Metabolic homeostasis in liver of chow fed iNOS^−/− mice with and without nitrite supplementation. (A) qPCR expression of genes involved in lipid synthesis (iNOS^−/−: n = 16, iNOS^−/− + Nitrite: n = 14): SREBP-1c, FAS, and ACC1. (B) qPCR expression of genes involved in gluconeogenesis (iNOS^−/−: n = 16, iNOS^−/− + Nitrite: n = 14): PEPCK, G6PC, and PC (n = 8). (C) qPCR expressions of transcriptional regulators involved in lipid synthesis: PPARy (iNOS^−/−: n = 16, iNOS^−/− + Nitrite: n = 14) and LXRα (n = 8) and genes involved in fatty acids oxidation: PPARα (iNOS^−/−: n = 16, iNOS^−/− + Nitrite: n = 14), PGC-1α, and PGC-1β (n = 8). (D) qPCR expression of genes involved in lipid uptake (n = 8): CD36, SR-B, ApoE, and LPL. (E) qPCR expression of genes involved in lipid efflux (iNOS^−/−: n = 16, iNOS^−/− + Nitrite: n = 14): ABCG5 and ABCG8. Lipid accumulation in liver, (F) hepatic triglycerides (iNOS^−/−: n = 12, iNOS^−/− + Nitrite: n = 10), (G) hepatic free fatty acids (iNOS^−/−: n = 12, iNOS^−/− + Nitrite: n = 10), and (H) hepatic Oil red O staining (iNOS^−/−: n = 5, iNOS^−/− + Nitrite: n = 6) in chow fed iNOS^−/− mice with or without nitrite supplementation.
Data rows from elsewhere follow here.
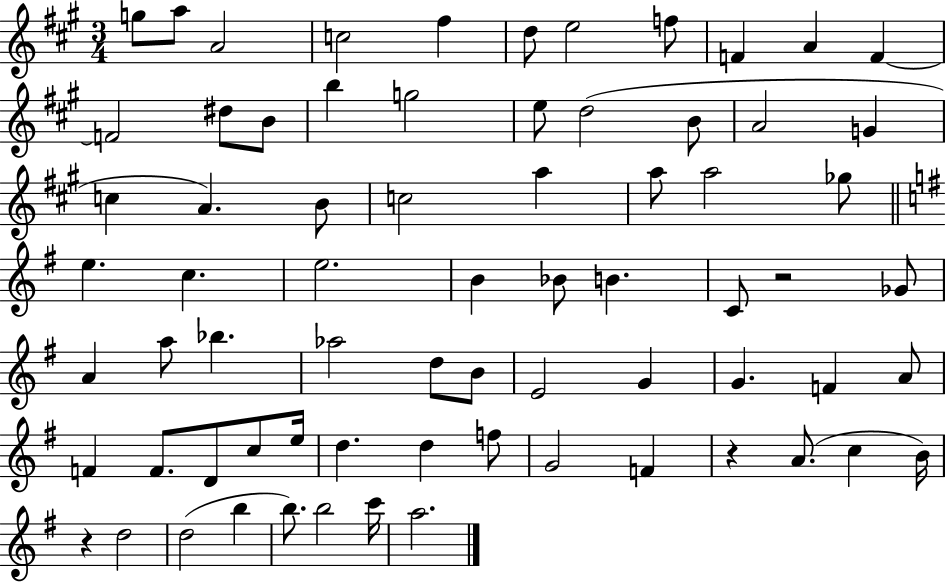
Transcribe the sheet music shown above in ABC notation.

X:1
T:Untitled
M:3/4
L:1/4
K:A
g/2 a/2 A2 c2 ^f d/2 e2 f/2 F A F F2 ^d/2 B/2 b g2 e/2 d2 B/2 A2 G c A B/2 c2 a a/2 a2 _g/2 e c e2 B _B/2 B C/2 z2 _G/2 A a/2 _b _a2 d/2 B/2 E2 G G F A/2 F F/2 D/2 c/2 e/4 d d f/2 G2 F z A/2 c B/4 z d2 d2 b b/2 b2 c'/4 a2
Data are represented as mean ± SEM. Black squares: iNOS^−/− mice without nitrite supplementation, black diamonds: iNOS^−/− mice with nitrite supplementation. * p < 0.05, ** p < 0.01, *** p < 0.001, **** p < 0.0001 vs. iNOS^−/−.

Figure 5

Metabolic homeostasis in adipose tissue of chow fed WT and iNOS^−/− mice with and without nitrite supplementation. (A) qPCR expression of genes involved in lipid synthesis (iNOS^−/−: n = 10, iNOS^−/− + Nitrite: n = 6): SREBP-1c, FAS, and ACC1. (B) qPCR expression of genes involved in gluconeogenesis (iNOS^−/−: n = 10, iNOS^−/− + Nitrite: n = 8): PEPCK, G6PC, and PC (iNOS^−/−: n = 7, iNOS^−/− + Nitrite: n = 8). (C) qPCR expressions of transcriptional regulators involved in lipid synthesis (iNOS^−/−: n = 10, iNOS^−/− + Nitrite: n = 8): PPARy and LXRα and genes involved in fatty acids oxidation: PPARα, PGC-1α, and PGC-1β. (D) qPCR expression of genes involved in lipid uptake (iNOS^−/−: n = 10, iNOS^−/− + Nitrite: n = 8): CD36 and LPL. (E) Mean adipocyte area (iNOS^−/−: n = 5, iNOS^−/− + Nitrite: n = 6) in chow fed iNOS^−/− mice with or without nitrite supplementation. Data are represented as mean ± SEM. Black squares: iNOS^−/− mice without nitrite supplementation, black diamonds: iNOS^−/− mice with nitrite supplementation. * p < 0.05, ** p < 0.01, *** p < 0.001vs. iNOS^−/−.

Figure 6

Insulin signaling in chow fed WT and iNOS^−/− mice and its alteration by nitrite treatment. Immunoblots of liver (A) Akt-1/2/3 (n = 7) and (B) p-Akt-1/2/3 (n = 5). Immunoblots of adipose tissue (n = 3) (C) Akt-1/2/3 and (D) p-Akt-1/2/3. Bar diagrams represent mean ± SEM in chow fed, control, or nitrite treated WT and iNOS^−/− mice in both basal and insulin stimulated conditions. White circles: WT; black circles: WT supplemented with nitrite; white squares: iNOS^−/−; black squares: iNOS^−/− supplemented with nitrite. * p < 0.05, ** p < 0.01, *** p < 0.001, **** p < 0.0001 between indicated groups.